The only benefit I can see from these poorly-written films is that the action is usually good and goes to show how talented the actors are in more physical scenes. And if the Oscar for Best Actor focused more on the action-side of films rather than characterisation all the time, Keanu Reeves would have won an Oscar years ago and would continue to do so with every new instalment of the John Wick series.
Although his delivery of serious lines is often considered comical, his determination to make those action sequences as perfect as they are is outstanding.
I can’t even say I was ever really that big of a Keanu fan until the first John Wick film came out and my good friend JR begged me to go see it with him. I was sceptical as hell; JR has odd tastes, often hailing the worst-reviewed films as misunderstood masterpieces. When I heard Keanu was the lead, I kept thinking about the Matrix and *controversially opinion here* how much of a headache those films had given me.
‘Is it sci-fi?’ I asked.
‘Nah,’ he told me, ‘it’s about an assassin who goes on a mad one when his dog dies.’
Swayed? Not exactly, but I went along anyway.
Twenty minutes in, nothing happened. Keanu Reeves and a beagle puppy drove an old car around an airport hanger. The lines were as wooden as Treebeard, and just as I was about to leave, JR grabbed me by my arm and told me to hold on because the good stuff was coming.
To this day, I am so thankful he stopped me from walking out. What ensued was the maddest sequence of pure mouth-watering action I had ever seen in my life. Keanu had suddenly become god-like in his appearance, wiping out an entire team of Russian henchmen with just himself and whatever he could get his hands on. For the entirety of the film, he moved like a cat, eventually going to places no feline in the world had the flexibility to go in his quest for brutal retribution – all because Theon Greyjoy killed his dog and stole his motor!
When the film finished it was all any of us could really talk about for weeks.

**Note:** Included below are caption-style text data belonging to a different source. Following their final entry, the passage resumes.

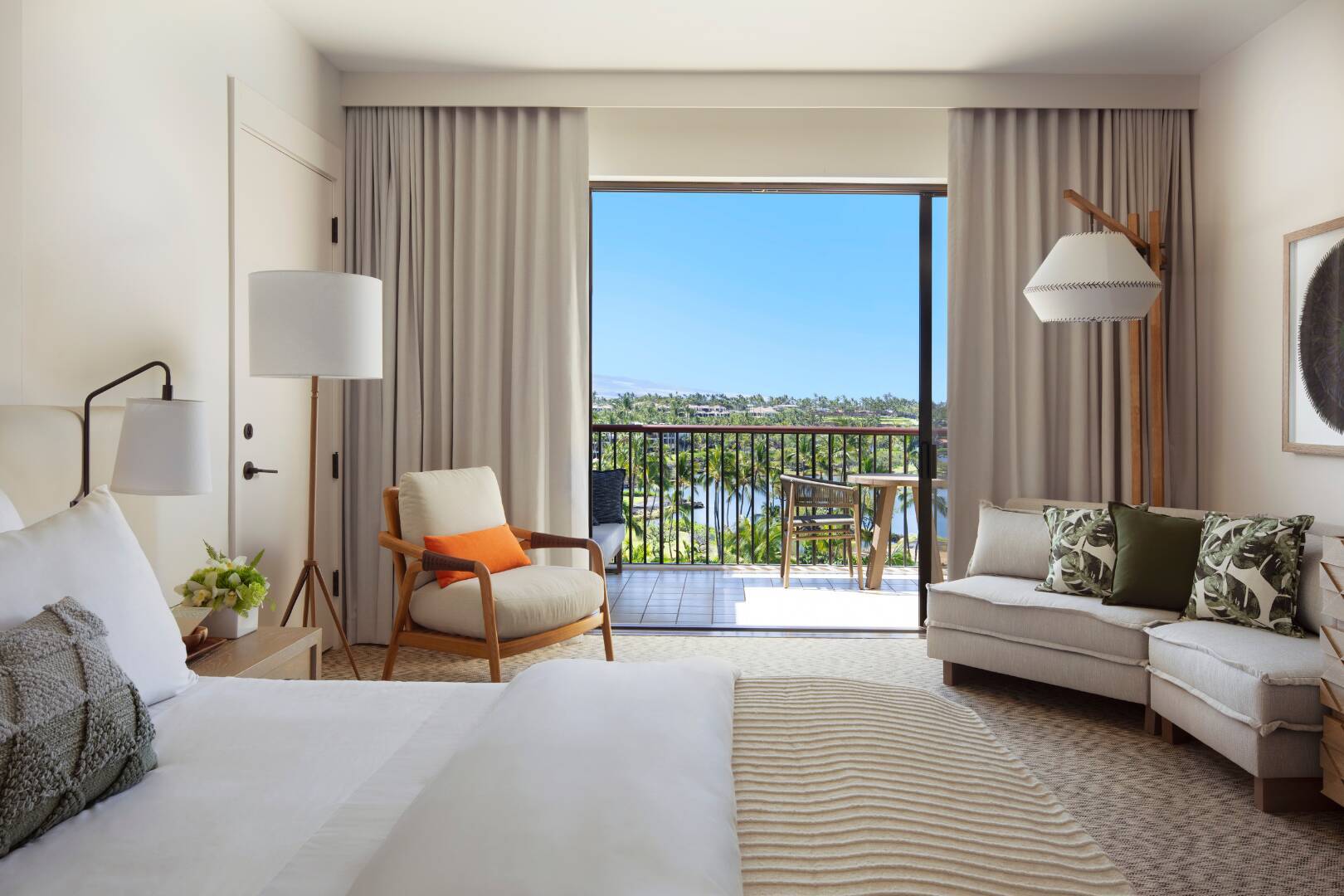 Ocean View King Hearing Accessible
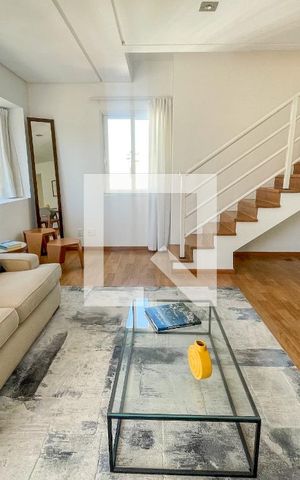 Apartamento para alugar com 184m², 2 quartos e 3 vagas Apartamento para alugar com 184m², 2 quartos e 3 vagasSala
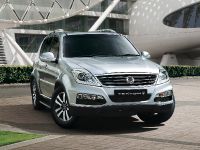 thumbnail image of 2014 SsangYong Rexton W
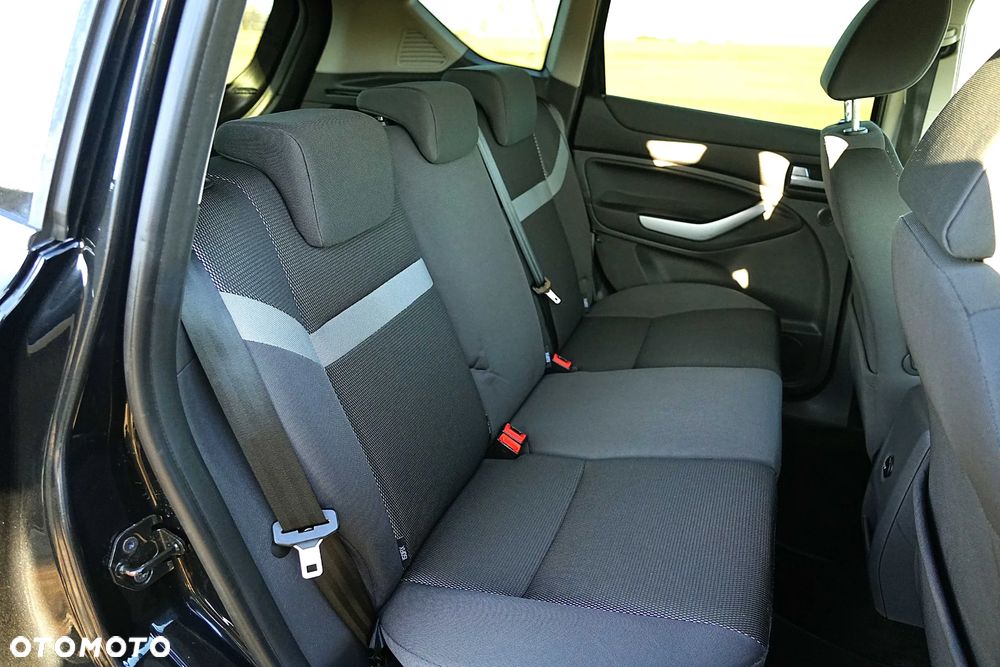 Ford Kuga 2.0 TDCi 2x4 Champions Edition - 22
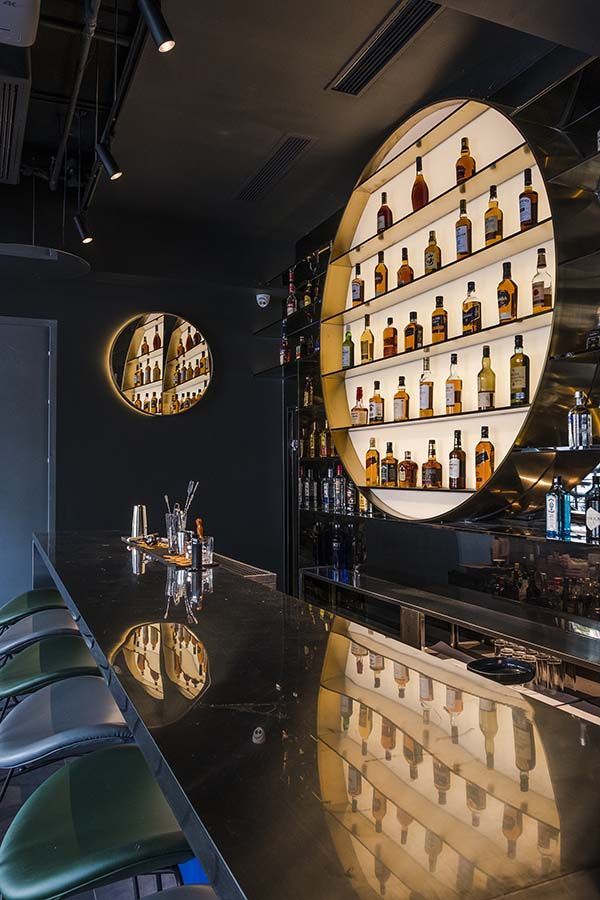 Innovative Bar Designs to Wow Your
Customers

Now, the series has become something of a tradition in our friendship group – whenever the new one comes out, my friend Maccers drives back to Wales from Bristol just so we can all see it together. The third – John Wick: Chapter 3 – Parabellum – has got to be my favourite so far, even if the narrative got a little muddled towards the end. But again, this has nothing to do with Keanu. Those films could have no story or dialogue at all and they’d still be Oscar-worthy just because of their leading man and the magic he’s able to conjure on screen.
Because being a great actor doesn’t mean you need to play Hamlet at the National Theatre, as many would have you believe. There’s a reason why people love actors like Keanu and flock to cinemas on opening night to see their films… As well as the sequels, and the threequels.
It’s called commitment. Commitment to making the role as convincing to the audience as possible, transporting them from their own worlds into another, at least for a couple of hours anyway. When Keanu roasts a nightclub full of Russian bouncers or fends off a horde of knife-wielding Triads all on his own, you believe he’s a crazy assassin called John Wick. It’s escapism at its most glorious. And gory.
Isn’t that what cinema’s about – making people forget about their normal day-to-day lives and entertaining them?
Given that Matthew McConaughey won an Oscar a few years ago, I wouldn’t rule out Keanu getting there some day either. If part of the criteria for Best Actor seems to include fattening up or slimming down for a role, I don’t see why training to make a vicious brawl look like an elegant waltz shouldn’t be in there too.
John Wick is one of the great, modern day action trilogies. It’s about time Keanu won the highest recognition Hollywood has to offer.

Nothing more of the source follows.